基礎控除について
基礎控除とは、所得税を計算する際に、納税者本人の合計所得金額に応じて一定額を差し引くことができる制度です。すべての納税者が対象ですが、合計所得金額が2,500万円を超える場合は適用されません。
控除額
| 合計所得金額 |
2025(令和7)年分・2026(令和8)年分 |
2027(令和9)年分以降 |
| 132万円以下 | 95万円 | |
| 132万円超336万円以下 | 88万円 | 58万円 |
| 336万円超489万円以下 | 68万円 | |
| 489万円超655万円以下 | 63万円 | |
| 655万円超2,350万円以下 | 58万円 | |
| 2,350万円超2,400万円以下 |
48万円 | |
| 2,400万円超2,450万円以下 |
32万円 |
|
| 2,450万円超2,500万円以下 |
16万円 |
|
配偶者控除について
配偶者控除は、納税者本人の合計所得金額が1,000万円以下で、同一生計の配偶者の合計所得金額が58万円以下(給与収入のみの場合は123万円以下)の場合に、一定額を所得から差し引ける制度です。これにより、所得税の負担が軽減されます。
配偶者控除の対象となる配偶者の主な要件
- 民法上の配偶者であること(内縁関係は対象外)。
- 納税者と生計を一にしていること。
- 配偶者の年間合計所得金額が58万円以下(給与のみの場合は給与収入123万円以下)であること。
- 青色申告者の事業専従者として、その年を通じて一度も給与の支払いを受けていないこと、または白色申告者の事業専従者でないこと。
- 納税者本人の合計所得金額が1,000万円以下であること。
控除額
控除額は、納税者本人の合計所得金額と、控除対象配偶者の年齢によって、以下のとおりです。
| 納税者の合計所得金額 |
一般の控除対象配偶者 |
老人控除対象配偶者 ※ |
| 900万円以下 |
38万円 | 48万円 |
| 900万円超950万円以下 |
26万円 |
32万円 |
| 950万円超1,000万円以下 |
13万円 |
16万円 |
※「老人控除対象配偶者」とは、その年の12月31日時点で70歳以上の配偶者です。
配偶者特別控除について
配偶者特別控除は、納税者本人の合計所得金額が1,000万円以下で、同一生計の配偶者の合計所得金額が58万円超133万円以下の場合に、一定額を所得から差し引ける制度です。
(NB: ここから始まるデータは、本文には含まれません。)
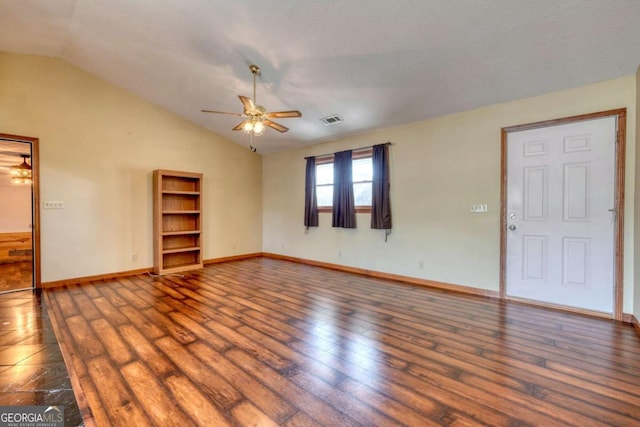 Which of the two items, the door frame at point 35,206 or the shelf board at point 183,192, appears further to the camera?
the shelf board at point 183,192

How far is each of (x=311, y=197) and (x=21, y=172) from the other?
6347 millimetres

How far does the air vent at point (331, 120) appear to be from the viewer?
4.81 m

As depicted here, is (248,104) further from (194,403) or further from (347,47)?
(194,403)

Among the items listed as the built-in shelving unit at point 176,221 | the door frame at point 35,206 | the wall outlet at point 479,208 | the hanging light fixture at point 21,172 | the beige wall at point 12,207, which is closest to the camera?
the wall outlet at point 479,208

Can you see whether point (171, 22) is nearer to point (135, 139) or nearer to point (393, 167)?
point (135, 139)

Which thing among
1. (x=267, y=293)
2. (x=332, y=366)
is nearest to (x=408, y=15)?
(x=332, y=366)

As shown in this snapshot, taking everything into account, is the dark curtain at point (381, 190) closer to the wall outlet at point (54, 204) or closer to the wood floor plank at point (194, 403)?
the wood floor plank at point (194, 403)

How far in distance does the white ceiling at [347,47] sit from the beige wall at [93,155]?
43 centimetres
配偶者控除の対象外となる場合でも、条件を満たせば適用できます。
配偶者特別控除の対象となる配偶者の主な要件
- 民法上の配偶者であること(内縁関係は対象外)。
- 納税者と生計を一にしていること。
- 青色申告者の事業従事者として、その年を通じて一度も給与の支払いを受けていないこと、または白色申告者の事業従事者でないこと。
- 配偶者の年間合計所得金額が58万円超133万円以下(給与収入のみの場合は給与収入123万円超201万円以下)であること。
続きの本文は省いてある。